Now, who has the right to decide on the means best suited to obtain the end? The authority!
There are the five principles that I submit for your reflection, and I thank my superiors with all my heart for the Society of St. Pius X that allows and helps me to practice them without hindrance.
Allow me again to speak of my small experience, which I believe you have always held in esteem:
Through numerous retreats, pilgrimages, days of recollection, our publications and public conferences, we apply the GREAT PRINCIPLE to the letter. I don’t know if anywhere else in the world there are as many public conferences whose goal is to defend our Faith and denounce error. The result is an ever growing number of faithful (especially youth) solidly anchored in the Faith of all times and acting against the modernist errors.

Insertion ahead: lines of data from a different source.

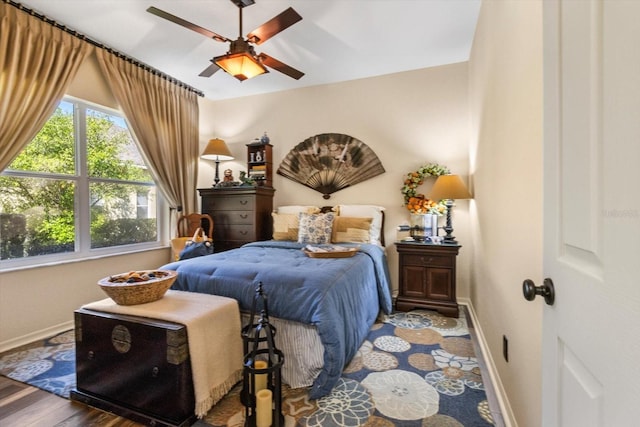 bedroom featuring ceiling fan, baseboards, and wood finished floors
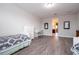 Large bedroom with stylish decor and a glimpse into an adjoining bathroom at 8066 Ludington Cir, Orlando, FL 32836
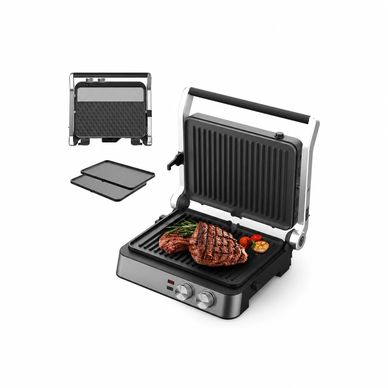 Electric grill with steak and vegetables.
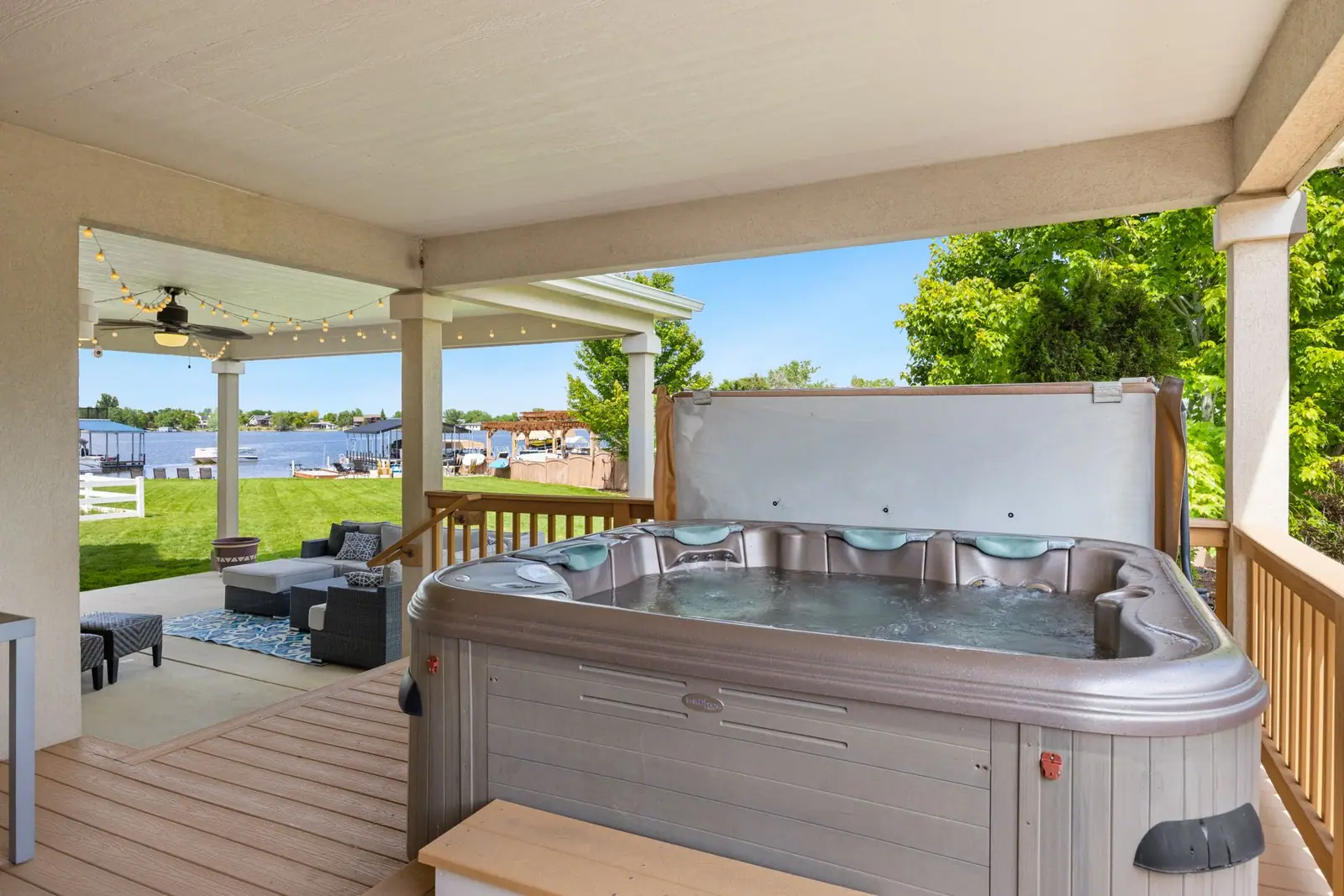 An acrylic hot tub on a covered deck with its cover lifted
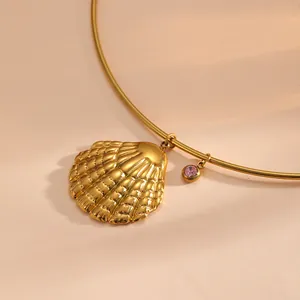 Détail d'un collier à pendentif coquillage doré avec une petite pierre rose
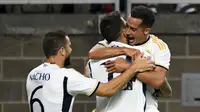 Pemain Real Madrid Joselu (tengah) merayakan gol kedua timnya saat pertandingan sepak bola persahabatan pramusim antara Real Madrid dan Manchester United di Stadion NRG, Houston, Texas, Amerika Serikat, Rabu (26/7/2023). (Mark Felix/AFP)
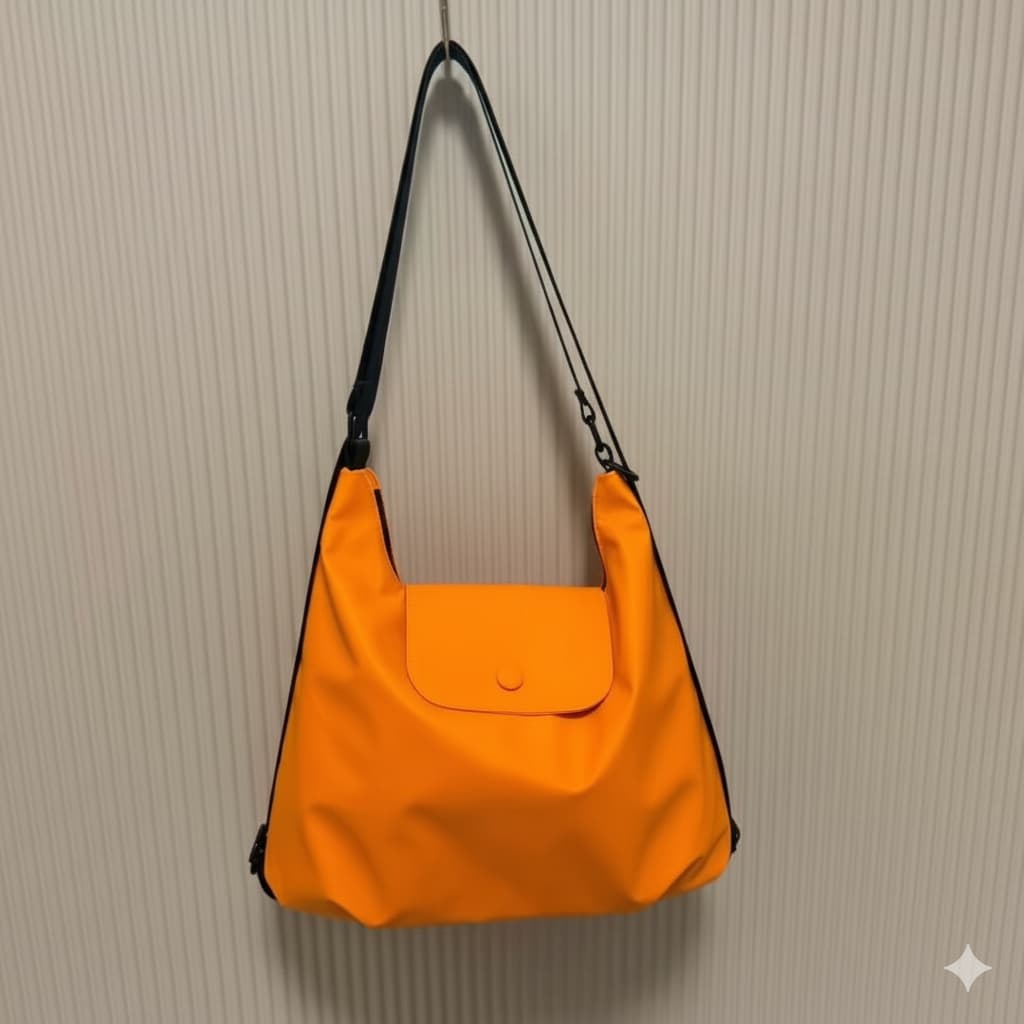 Orange shoulder bag with black strap on a beige textured wall,laptop tote bag for women, tote bag for office use, college tote bag with zipper, and stylish bags for girls. You can also target users with specific needs by using long-tail phrases like vegan leather tote bag or tote bag for daily use in India. To understand the market better, keep an eye on competitors such as Lavie, Baggit, and Caprese, all of which are major players in the Indian handbag space, along with brands like Zouk and Hidesign that c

Thanks to the foundation of the traditional M.I. almost half of our faithful (about 1,000) form themselves after the principles and ideals of St. Maximilian: the desire to obey the Immaculate by understanding the role of the instruments she uses to guide us. Upon discovering the betrayal and infidelity of the official clergy, and at the same time our fidelity, they cling to Tradition and live ever more in a supernatural obedience. There are only two sorts of faithful who stir up trouble to divide Tradition: the sedevacantists and the Resistance.

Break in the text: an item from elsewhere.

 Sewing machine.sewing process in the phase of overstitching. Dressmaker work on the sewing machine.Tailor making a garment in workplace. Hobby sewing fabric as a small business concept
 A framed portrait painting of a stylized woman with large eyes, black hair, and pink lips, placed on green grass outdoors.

Looking back at the years that have gone by, I come to a whole new appreciation of the decision of the SSPX’s superiors, and the facts are there to confirm it: until 2007, there were very few faithful in Poland, but after the motu proprio, about 70 Mass centers started celebrating the traditional Mass, a good number of the priests learning to say the Mass with our help. Thanks to this event, Novus Ordo faithful discovered the Mass, and through it the treasure of Tradition. Often with the help of these priests they discovered our traditional literature, and then many of them participated in our retreats. Our chapels were even fuller after January 2009, and the number of faithful in Warsaw grew to 450. The discussions with Rome also had their echo: I was often invited to conferences to debate with modernist priests, I was able to speak in universities, and everywhere many young Novus Ordo Catholics came to listen. The voice of Tradition was heard in public, and our conferences were heard sometimes by up to 60,000 people through the Internet. Above all, we came into contact with many young priests who participate in our retreats, come to our conferences, discreetly receive instruction and formation, and thus grow closer and closer to Tradition.
What a joy for the missionary to be able to say that in five years the number of faithful who have returned to Tradition has grown so much that I do not hesitate to call it a miracle of the Immaculate.

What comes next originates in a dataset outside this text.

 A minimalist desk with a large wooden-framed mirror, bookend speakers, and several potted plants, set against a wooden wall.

What is more, I have several times been able to participate in meetings related to the work of Father Gruner’s Fatima Crusade. During these meetings, I have met many bishops and priests of the official Church. I was very impressed by their reaction to my conferences and meetings: thirsty for true doctrine, very open to getting to know Tradition better, even asking me to come preach to their priests on retreat. No one has asked me to make the slightest act of compromise or ecumenism. But these members of the hierarchy visibly discover Tradition little by little through these meetings. You see, Father, none of this would be possible without the wisdom of the superiors who do not refuse contact with Rome, without their discussions and their will to find a modus vivendi that would perfectly safeguard the principle but choose with prudence the best means for applying it.
Whereas applying the principle as you interpret it (“First, on your knees and fully recognize that you were wrong, the Pope first, etc., and then we can talk”) would have made it impossible for the modernist clergy to approach Tradition in Poland or through the Fatima Crusade. So in Poland we would still be about 100 instead of 2,000.
As for “sons of the Church,” well, look at the application of the principles. What a joy for a missionary to be able to say: O Immaculate, thanks to these discussions with Rome, thanks to the decision of the latest General Chapter, you have granted that I, your poor instrument, might make my contribution, that twenty bishops take a great interest in Tradition; I have been able to receive four priests into the SSPX in Poland in the last three years; and about forty priests already call themselves our friends and are coming ever closer to Tradition. At least I have been able to help bandage a few of the terrible wounds that have torn my Holy Mother the Church. Not only have I been able to remain faithful to all the principles, but I have been able to instill them into thousands of souls.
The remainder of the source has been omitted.